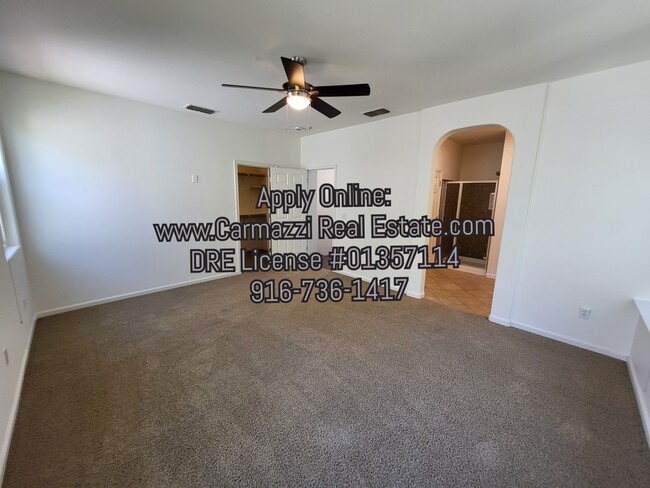 Building Photo - 3211 Tice Creek Way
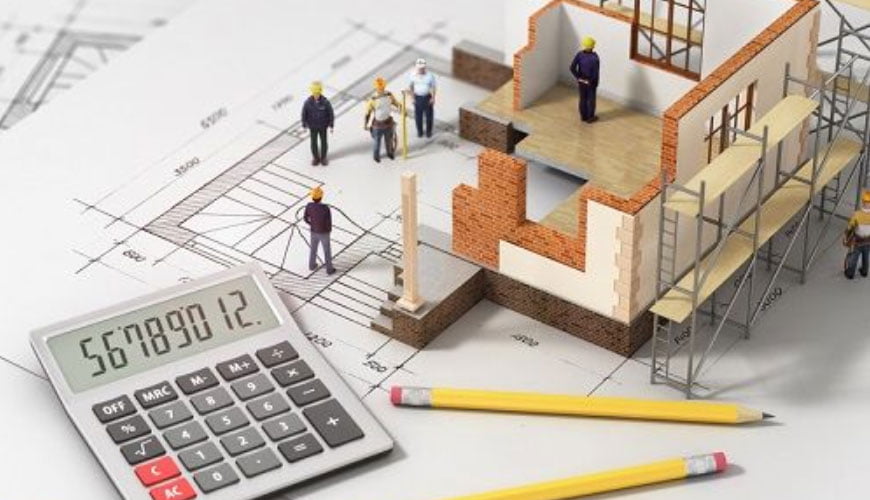 orçamento-construção-civil orçamento-construção-civil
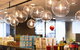 Rydges Sydney Airport Hotel - thumb 24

----

-- EXERCISE BRIEF --
Give back the whole listing exactly, without pictures.

-- EXPECTED ANSWER --
 Building Photo - 3211 Tice Creek Way
 orçamento-construção-civil orçamento-construção-civil
 Rydges Sydney Airport Hotel - thumb 24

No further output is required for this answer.